Records provided:
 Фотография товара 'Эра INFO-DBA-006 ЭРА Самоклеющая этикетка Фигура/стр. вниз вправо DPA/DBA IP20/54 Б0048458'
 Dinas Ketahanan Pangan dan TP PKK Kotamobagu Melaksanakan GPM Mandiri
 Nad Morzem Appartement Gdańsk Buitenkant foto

...

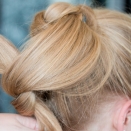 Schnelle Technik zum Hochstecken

--

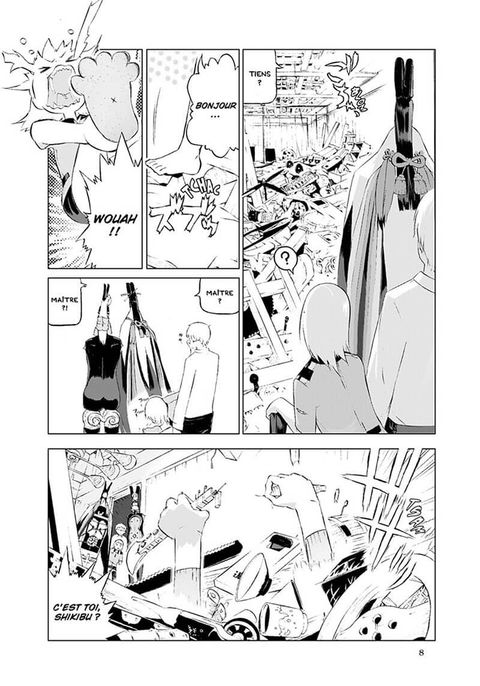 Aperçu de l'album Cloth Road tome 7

Task description: Reproduce verbatim only the segment of the listing bounded by the line containing "Фотография товара 'Эра" and the line containing "Nad Morzem Appartement", with both boundary lines included.

Written response:
 Фотография товара 'Эра INFO-DBA-006 ЭРА Самоклеющая этикетка Фигура/стр. вниз вправо DPA/DBA IP20/54 Б0048458'
 Dinas Ketahanan Pangan dan TP PKK Kotamobagu Melaksanakan GPM Mandiri
 Nad Morzem Appartement Gdańsk Buitenkant foto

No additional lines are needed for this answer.